(Extracted material begins)

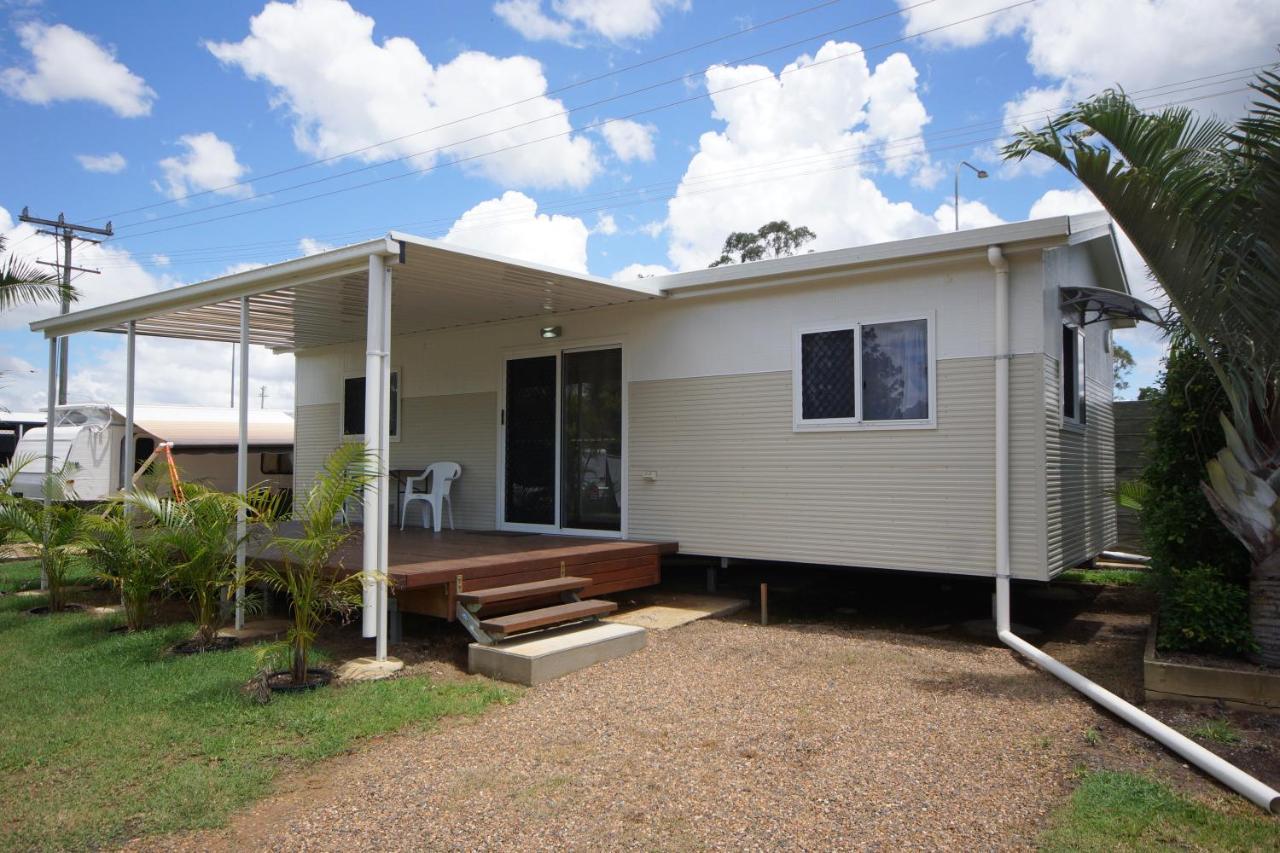 Bundaberg Park Village מראה חיצוני תמונה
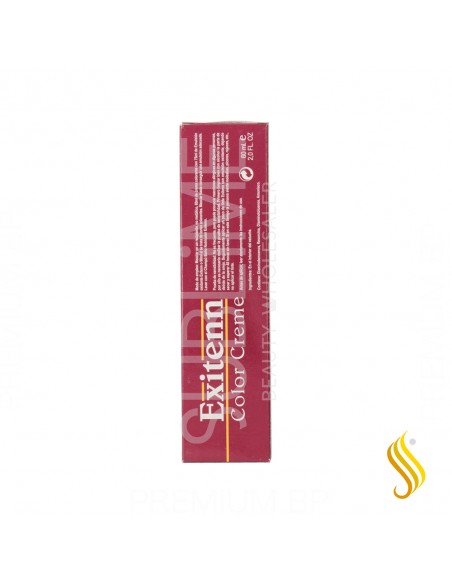Exitenn Color Creme 60ml Color 7.7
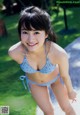 Mei Fukuda 福田愛依, Young Magazine 2019 No.15 (ヤングマガジン 2019年15号) P7 No.99e7fd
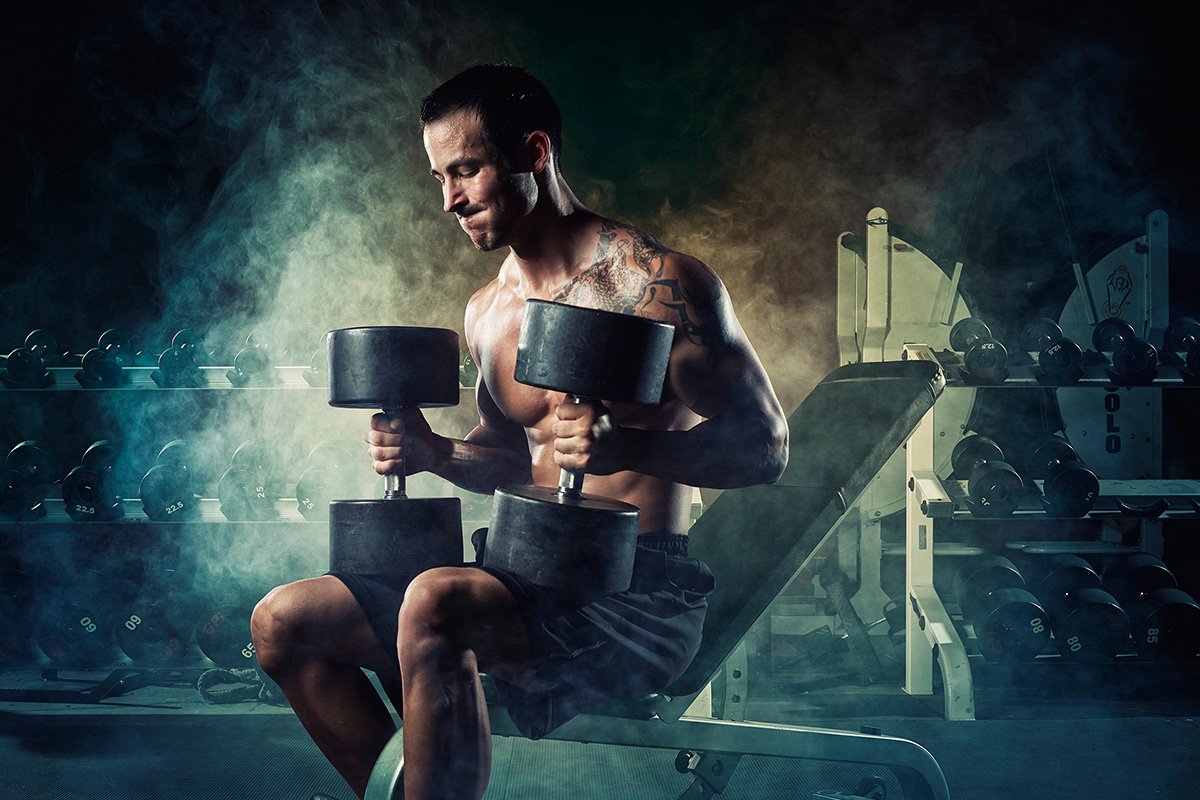 Three Beastly Workouts From Sean Sarantos - Beast Sports Nutrition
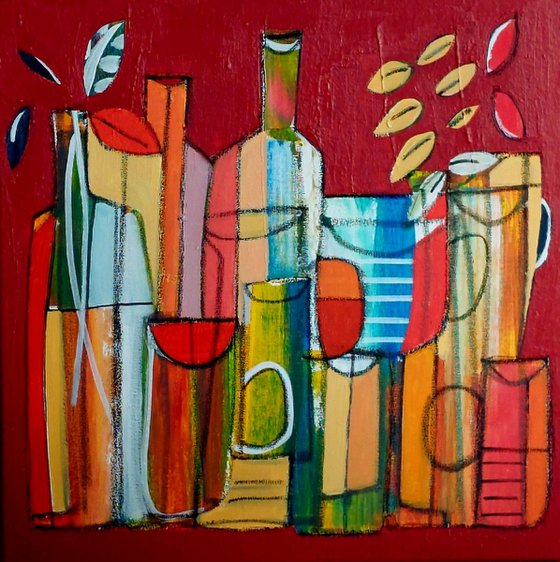 Bottles III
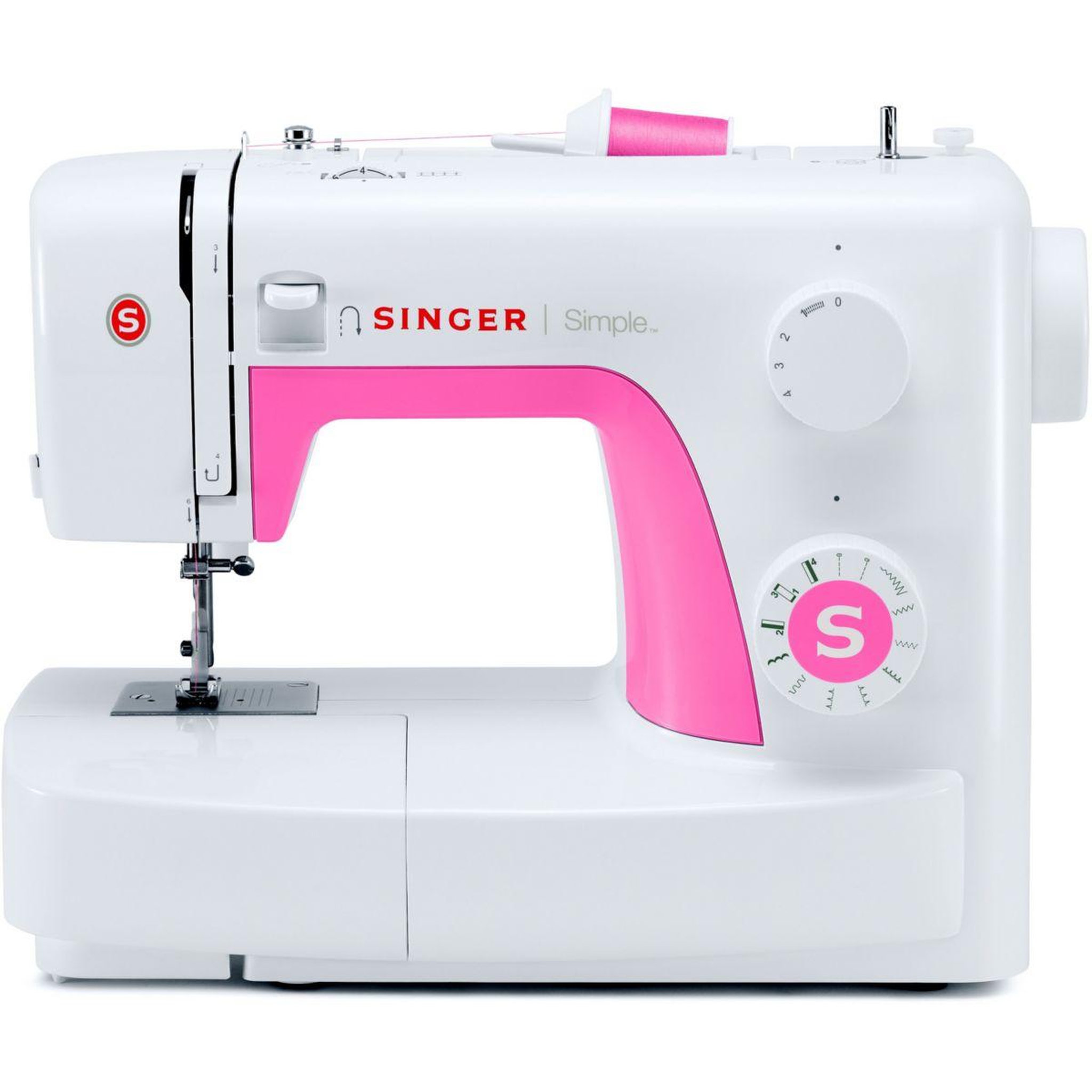 Singer Machine à coudre simple 3210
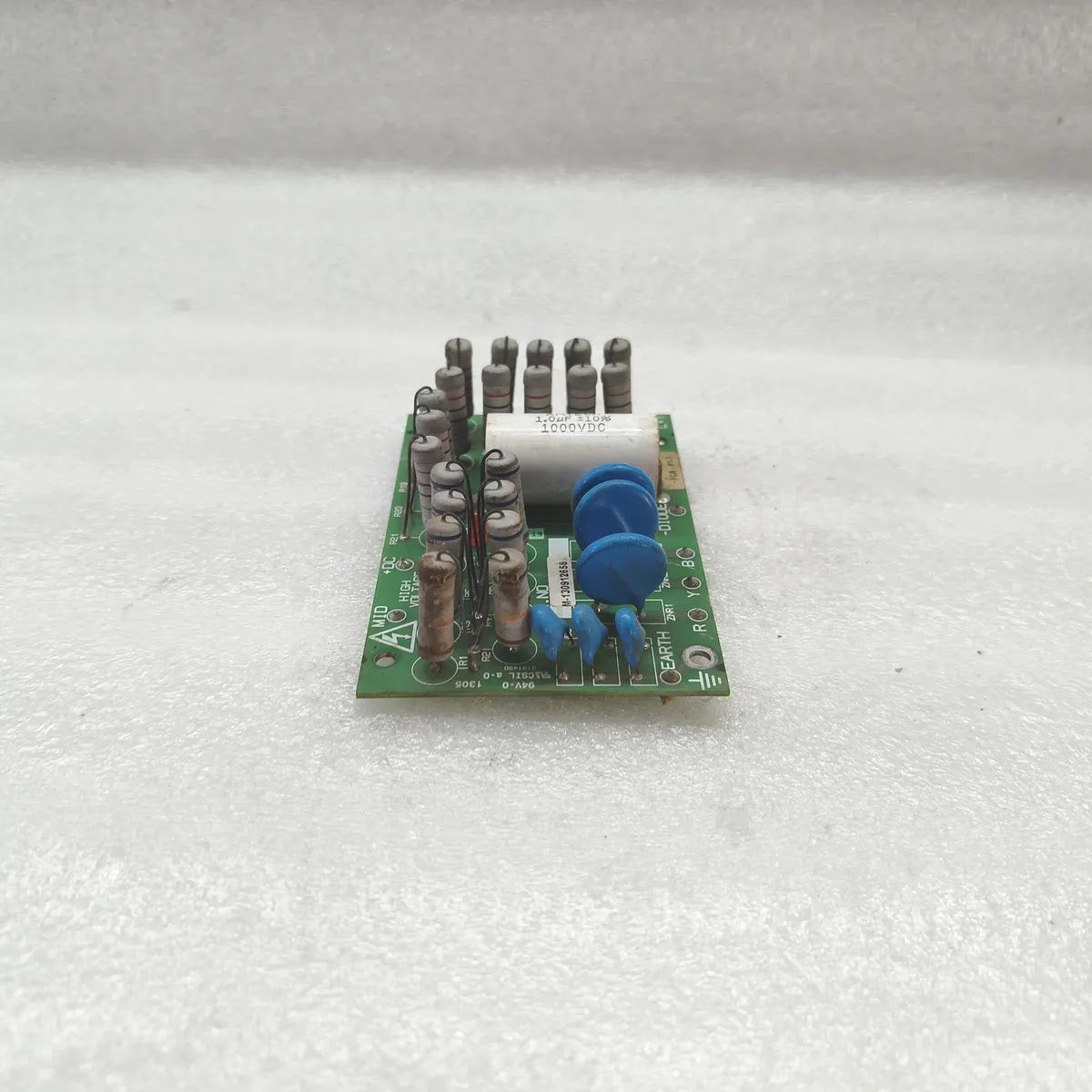 AMTECH PCA-91-1 DIODE PCB CIRCUIT BOARD 1.0uF ±10% 1000VDC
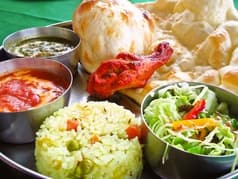 インド料理 カーナピーナ 宇多津店 2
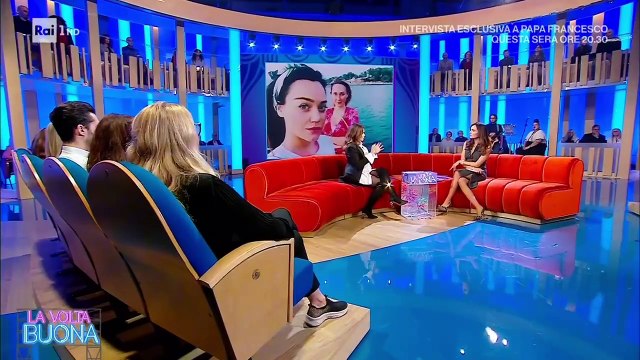 Estratto intervista Romina Carrisi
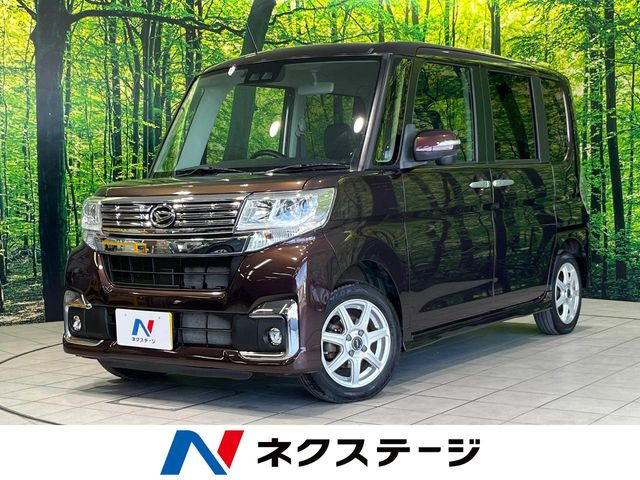 タントカスタム X SAIII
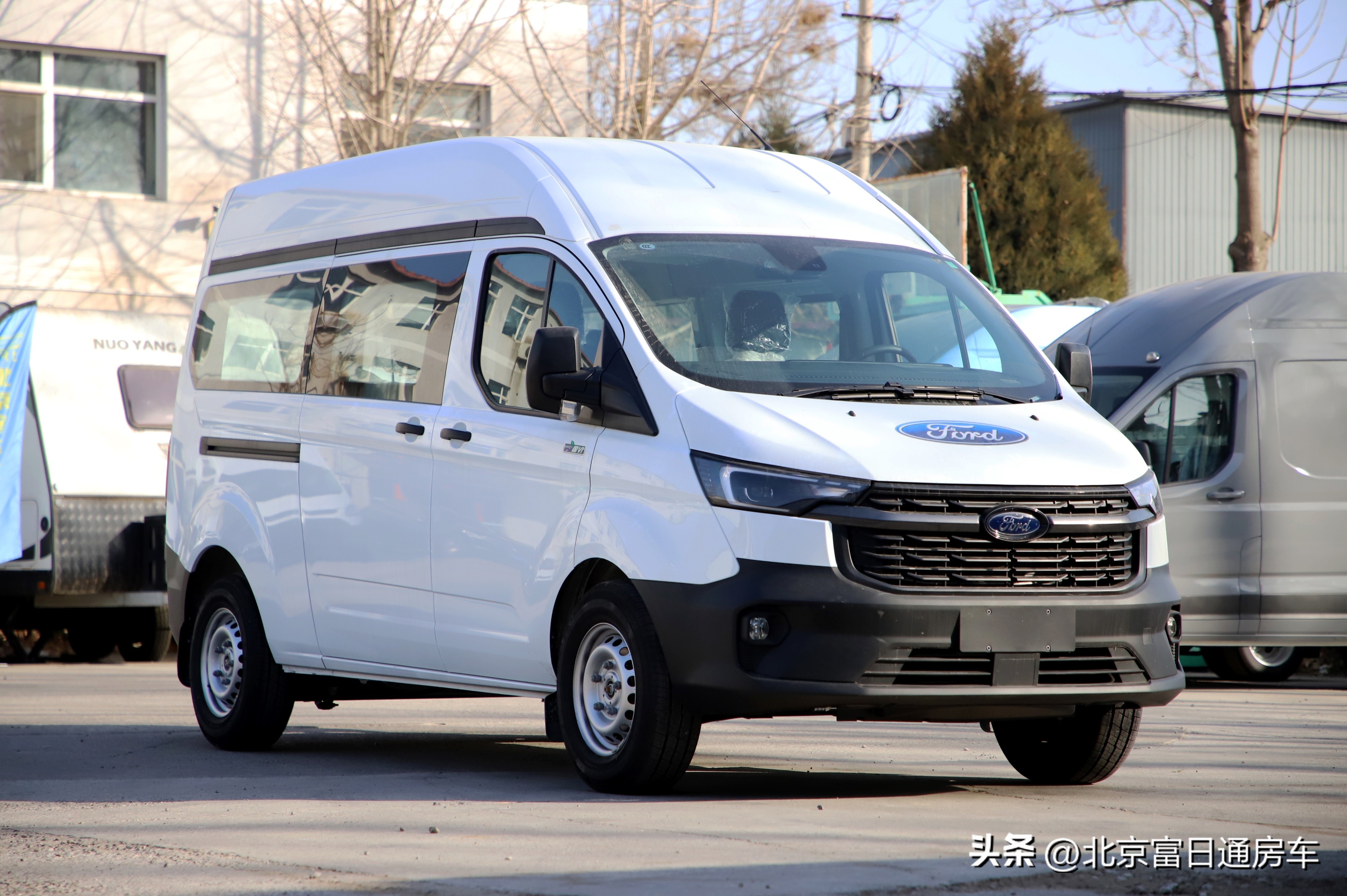 石家庄福特全顺2023款短轴低顶5座,福特全顺2023款车主真实体验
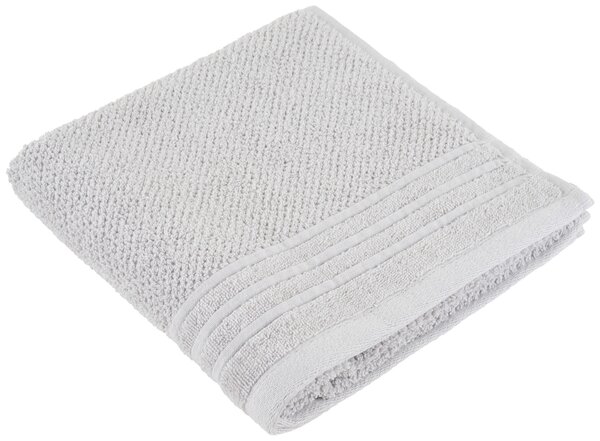 UTERÁK NA RUKY, 50/100 cm, strieborná Esposa - Kúpeľňový textil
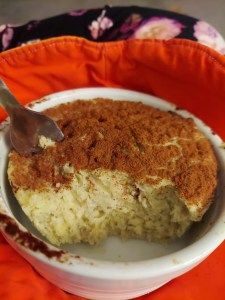 Ww Banana Souffle, Ww Zero Point Banana Souffle, Banana Souffle Weight Watchers, Banana 3 Ingredient Recipes, Ww Banana Recipes, Banana Souffle, Ww Sweets, Ww Breakfast, Ww Food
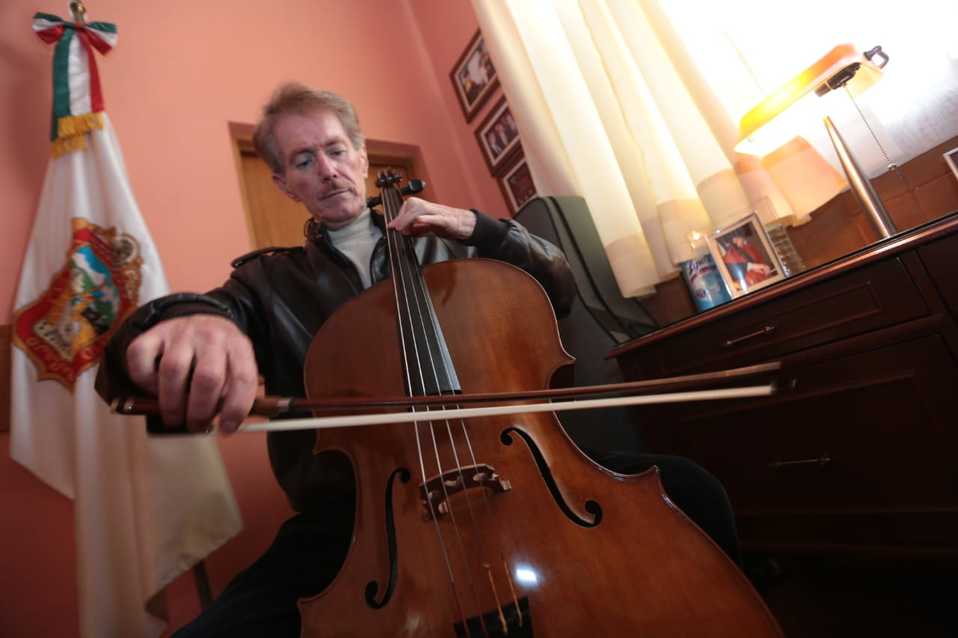 Dedicó su vida a la música.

(Extracted material ends)

### What is expected
Your answer must be the entries repeated exactly, with no pictures.

### The answer
 Bundaberg Park Village מראה חיצוני תמונה
Exitenn Color Creme 60ml Color 7.7
 Mei Fukuda 福田愛依, Young Magazine 2019 No.15 (ヤングマガジン 2019年15号) P7 No.99e7fd
 Three Beastly Workouts From Sean Sarantos - Beast Sports Nutrition
 Bottles III
 Singer Machine à coudre simple 3210
 AMTECH PCA-91-1 DIODE PCB CIRCUIT BOARD 1.0uF ±10% 1000VDC
 インド料理 カーナピーナ 宇多津店 2
 Estratto intervista Romina Carrisi
 タントカスタム X SAIII
 石家庄福特全顺2023款短轴低顶5座,福特全顺2023款车主真实体验
 UTERÁK NA RUKY, 50/100 cm, strieborná Esposa - Kúpeľňový textil
 Ww Banana Souffle, Ww Zero Point Banana Souffle, Banana Souffle Weight Watchers, Banana 3 Ingredient Recipes, Ww Banana Recipes, Banana Souffle, Ww Sweets, Ww Breakfast, Ww Food
 Dedicó su vida a la música.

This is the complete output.